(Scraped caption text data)
* * * * *
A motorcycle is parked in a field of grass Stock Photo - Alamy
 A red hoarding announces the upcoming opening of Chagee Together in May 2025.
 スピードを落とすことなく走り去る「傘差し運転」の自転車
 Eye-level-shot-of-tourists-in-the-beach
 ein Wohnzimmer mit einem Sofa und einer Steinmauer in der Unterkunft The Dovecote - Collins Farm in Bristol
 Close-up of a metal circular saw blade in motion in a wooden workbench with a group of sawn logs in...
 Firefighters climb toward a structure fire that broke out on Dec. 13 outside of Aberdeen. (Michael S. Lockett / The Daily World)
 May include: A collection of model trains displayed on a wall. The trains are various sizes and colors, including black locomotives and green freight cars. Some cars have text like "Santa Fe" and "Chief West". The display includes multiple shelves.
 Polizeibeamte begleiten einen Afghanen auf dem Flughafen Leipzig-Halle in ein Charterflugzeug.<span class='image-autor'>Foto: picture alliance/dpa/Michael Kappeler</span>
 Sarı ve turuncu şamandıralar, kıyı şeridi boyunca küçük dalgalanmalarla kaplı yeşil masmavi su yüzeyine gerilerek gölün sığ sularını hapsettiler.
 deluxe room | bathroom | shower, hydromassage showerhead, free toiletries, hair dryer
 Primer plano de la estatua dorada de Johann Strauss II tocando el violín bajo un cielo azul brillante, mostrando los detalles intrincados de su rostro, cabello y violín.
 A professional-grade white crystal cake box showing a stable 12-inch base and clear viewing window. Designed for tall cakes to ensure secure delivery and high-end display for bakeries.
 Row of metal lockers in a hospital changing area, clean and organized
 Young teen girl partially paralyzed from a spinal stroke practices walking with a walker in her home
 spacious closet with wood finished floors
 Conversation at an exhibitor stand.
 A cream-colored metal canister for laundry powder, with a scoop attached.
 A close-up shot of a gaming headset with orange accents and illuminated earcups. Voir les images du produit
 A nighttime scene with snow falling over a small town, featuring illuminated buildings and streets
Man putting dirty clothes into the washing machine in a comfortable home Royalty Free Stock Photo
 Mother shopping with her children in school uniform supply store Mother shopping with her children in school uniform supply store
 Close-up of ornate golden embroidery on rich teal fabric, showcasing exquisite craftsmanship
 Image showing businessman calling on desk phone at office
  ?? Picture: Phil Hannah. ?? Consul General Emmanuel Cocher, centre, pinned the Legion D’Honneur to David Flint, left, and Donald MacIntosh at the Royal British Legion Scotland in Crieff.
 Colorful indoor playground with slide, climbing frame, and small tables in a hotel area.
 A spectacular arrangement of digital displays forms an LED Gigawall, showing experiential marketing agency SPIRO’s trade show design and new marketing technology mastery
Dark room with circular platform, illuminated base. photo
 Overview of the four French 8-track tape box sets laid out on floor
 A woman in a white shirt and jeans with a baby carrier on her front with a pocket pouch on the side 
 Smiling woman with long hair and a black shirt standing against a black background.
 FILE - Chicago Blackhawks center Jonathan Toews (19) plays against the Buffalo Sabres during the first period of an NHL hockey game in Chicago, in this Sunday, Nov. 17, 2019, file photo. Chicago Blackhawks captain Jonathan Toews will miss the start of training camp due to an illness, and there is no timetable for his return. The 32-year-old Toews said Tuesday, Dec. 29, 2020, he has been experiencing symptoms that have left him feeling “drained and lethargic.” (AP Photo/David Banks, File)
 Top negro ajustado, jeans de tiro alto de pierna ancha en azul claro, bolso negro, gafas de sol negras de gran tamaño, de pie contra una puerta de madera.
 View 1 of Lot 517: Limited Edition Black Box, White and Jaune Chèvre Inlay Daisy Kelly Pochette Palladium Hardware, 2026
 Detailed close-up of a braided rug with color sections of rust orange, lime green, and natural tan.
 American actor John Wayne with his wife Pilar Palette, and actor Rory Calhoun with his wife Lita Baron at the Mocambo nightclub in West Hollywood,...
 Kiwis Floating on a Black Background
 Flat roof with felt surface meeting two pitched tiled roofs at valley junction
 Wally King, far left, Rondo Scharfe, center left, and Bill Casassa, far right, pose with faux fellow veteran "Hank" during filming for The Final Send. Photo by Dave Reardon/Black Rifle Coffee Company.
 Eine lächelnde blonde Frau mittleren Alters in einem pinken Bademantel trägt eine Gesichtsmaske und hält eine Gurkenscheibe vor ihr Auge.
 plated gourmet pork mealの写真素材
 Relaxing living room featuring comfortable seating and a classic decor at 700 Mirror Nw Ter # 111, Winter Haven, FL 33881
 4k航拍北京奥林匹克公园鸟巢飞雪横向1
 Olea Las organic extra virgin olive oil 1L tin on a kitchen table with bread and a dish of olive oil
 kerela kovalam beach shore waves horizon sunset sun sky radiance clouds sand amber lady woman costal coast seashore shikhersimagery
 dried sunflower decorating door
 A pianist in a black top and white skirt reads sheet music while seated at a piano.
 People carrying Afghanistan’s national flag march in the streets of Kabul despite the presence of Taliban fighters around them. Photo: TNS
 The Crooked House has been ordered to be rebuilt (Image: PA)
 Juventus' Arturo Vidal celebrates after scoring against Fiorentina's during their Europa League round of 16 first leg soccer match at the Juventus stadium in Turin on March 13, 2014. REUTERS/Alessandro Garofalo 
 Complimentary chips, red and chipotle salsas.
* * * * *
Aim of the exercise:
The answer is the run of lines above from the line containing "A cream-colored metal" through the line containing "Overview of the", copied exactly and alone.

Result:
 A cream-colored metal canister for laundry powder, with a scoop attached.
 A close-up shot of a gaming headset with orange accents and illuminated earcups. Voir les images du produit
 A nighttime scene with snow falling over a small town, featuring illuminated buildings and streets
Man putting dirty clothes into the washing machine in a comfortable home Royalty Free Stock Photo
 Mother shopping with her children in school uniform supply store Mother shopping with her children in school uniform supply store
 Close-up of ornate golden embroidery on rich teal fabric, showcasing exquisite craftsmanship
 Image showing businessman calling on desk phone at office
  ?? Picture: Phil Hannah. ?? Consul General Emmanuel Cocher, centre, pinned the Legion D’Honneur to David Flint, left, and Donald MacIntosh at the Royal British Legion Scotland in Crieff.
 Colorful indoor playground with slide, climbing frame, and small tables in a hotel area.
 A spectacular arrangement of digital displays forms an LED Gigawall, showing experiential marketing agency SPIRO’s trade show design and new marketing technology mastery
Dark room with circular platform, illuminated base. photo
 Overview of the four French 8-track tape box sets laid out on floor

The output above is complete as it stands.